To Nina’s amusement, Russell pointed out that sometimes you might text someone every couple of days, and they might begin to think you are dating. Westbrook was attempting to point out how complex the process has become. The couple then went on to agree that dating involved a lot of mixed signals. Signals that are sometimes near impossible to comprehend.
Nina also questioned her husband about what motivates people to date, and how the end goal is not always to get into a relationship.
“In our world, people are looking for some type of satisfaction, some type of approval of other people. Personally, I think that’s the kind of world … social media, everything is kind of like, ‘hey, you see me like I am trying to show you.
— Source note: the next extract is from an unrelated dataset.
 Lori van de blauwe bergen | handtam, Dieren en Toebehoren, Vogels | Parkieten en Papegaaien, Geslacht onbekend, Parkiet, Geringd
Do you accept, approve of what I am doing, you know?'” Russell claimed in response.
He, refreshingly, however, asserts that it’s not necessarily a bad thing. If someone wants another to validate their approach or how they look or their way through life, it’s their business. But he does believe that it makes things trickier in dating.
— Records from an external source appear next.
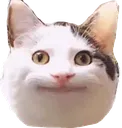 valerok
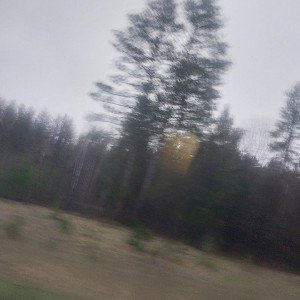 ALR - JUJU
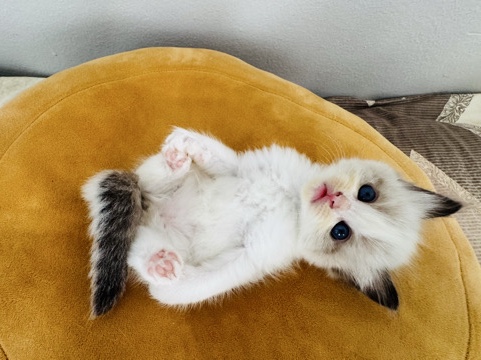 Ragdoll – Ragdoll Kitten – Houston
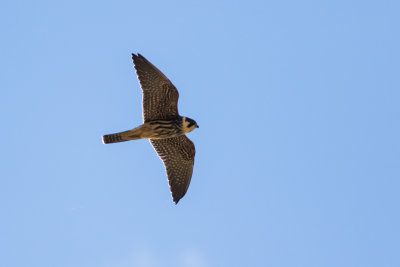 Eurasian Hobby (Falco subbuteo)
Nina responded by adding an interesting point, asking if people prefer to value certain things that look for in a partner or if they just looking at what they can benefit from them.
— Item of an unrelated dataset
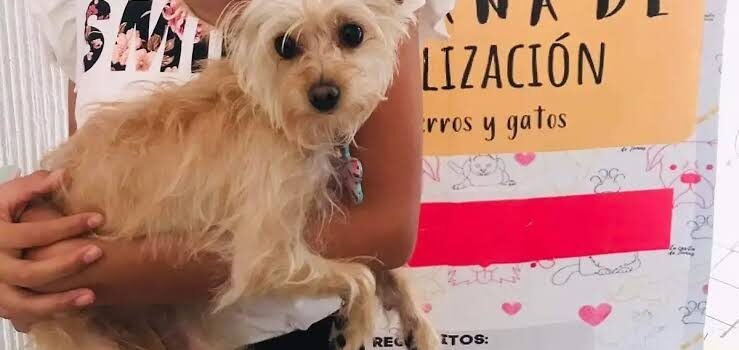 Continúa campaña de esterilización de mascotas en Zamora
She also recalled Westbrook telling her that often, young men believe success equates to finding someone attractive and having a child with them. Russ believes these preconceived notions depend on how they grew up and their past experiences.
Dating is as complex a notion as it gets. Humans are inherently social, but our emotions and motives, can make these experiences difficult for everyone involved. Hopefully, Russ and Nina shedding light on this would provide certain clarity to those that need it.